[What to produce]
Each line below must be transcribed exactly, and no picture may appear in the transcription.

[Supplied data]
*** Block opens ***
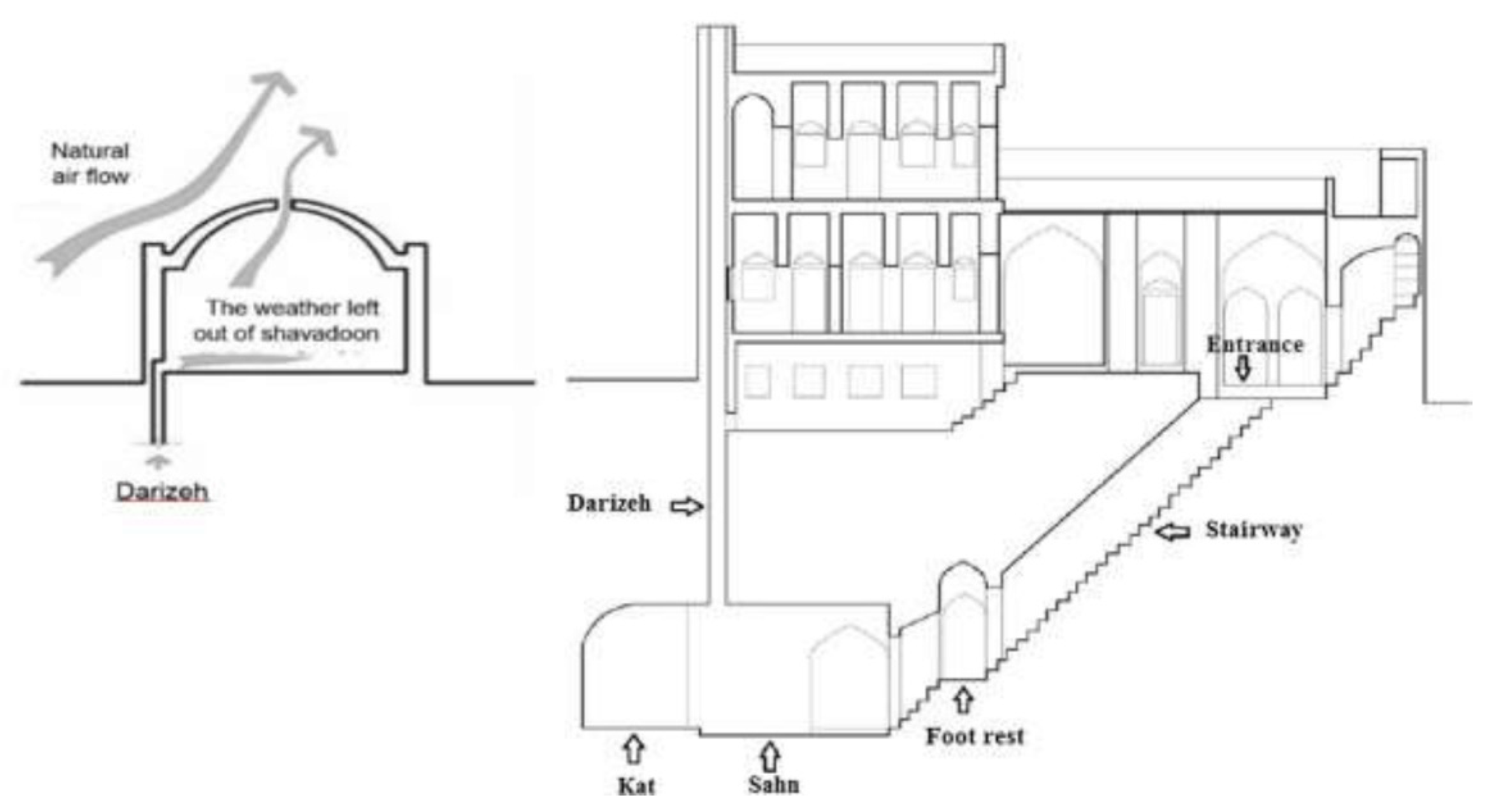 Sustainability 14 13958 g003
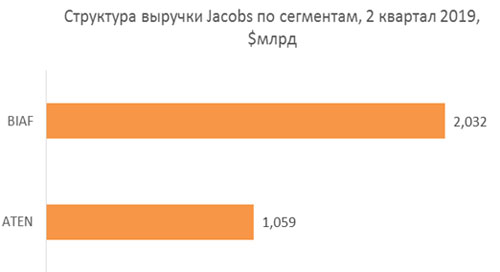Структура выручки Jacobs по сегментам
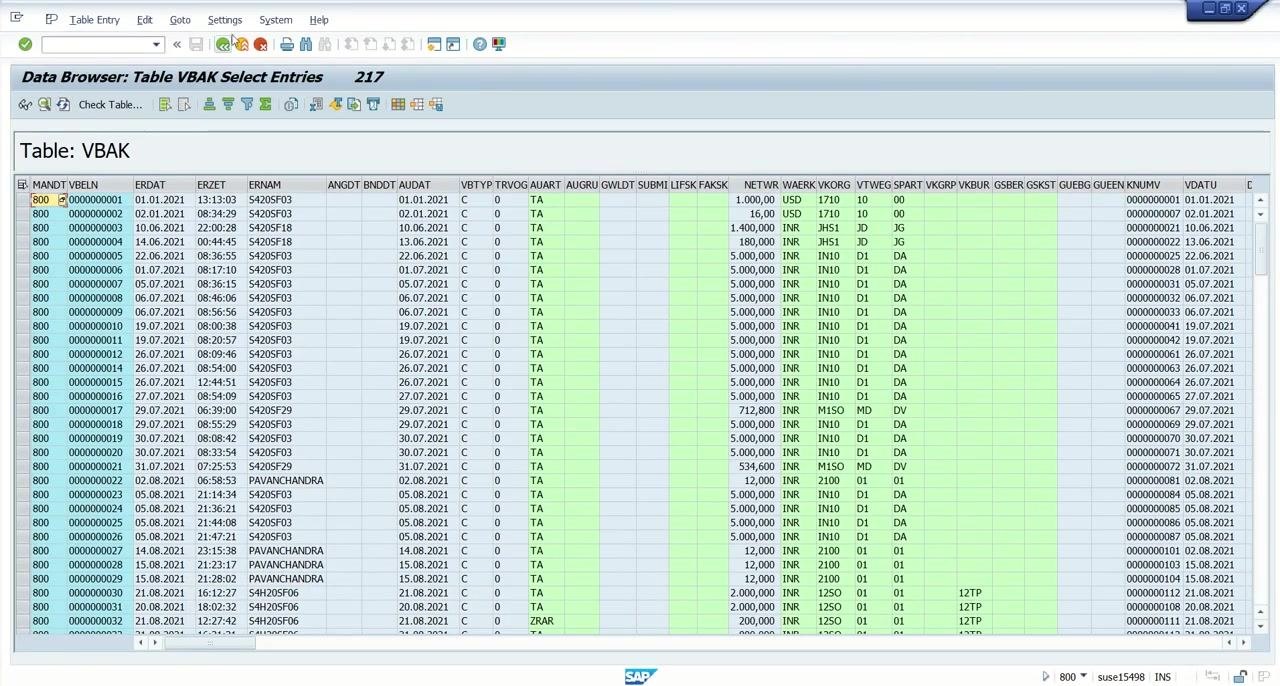 Eclipse IDE showing the CDS view definition started, with the SQL view name and source table VBAK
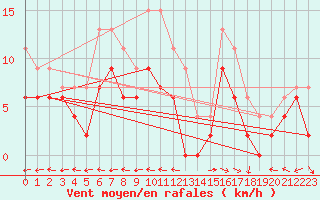 Courbe de la force du vent pour Saint-Dizier (52)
*** Block closes ***
[Response]
 Sustainability 14 13958 g003
Структура выручки Jacobs по сегментам
 Eclipse IDE showing the CDS view definition started, with the SQL view name and source table VBAK
 Courbe de la force du vent pour Saint-Dizier (52)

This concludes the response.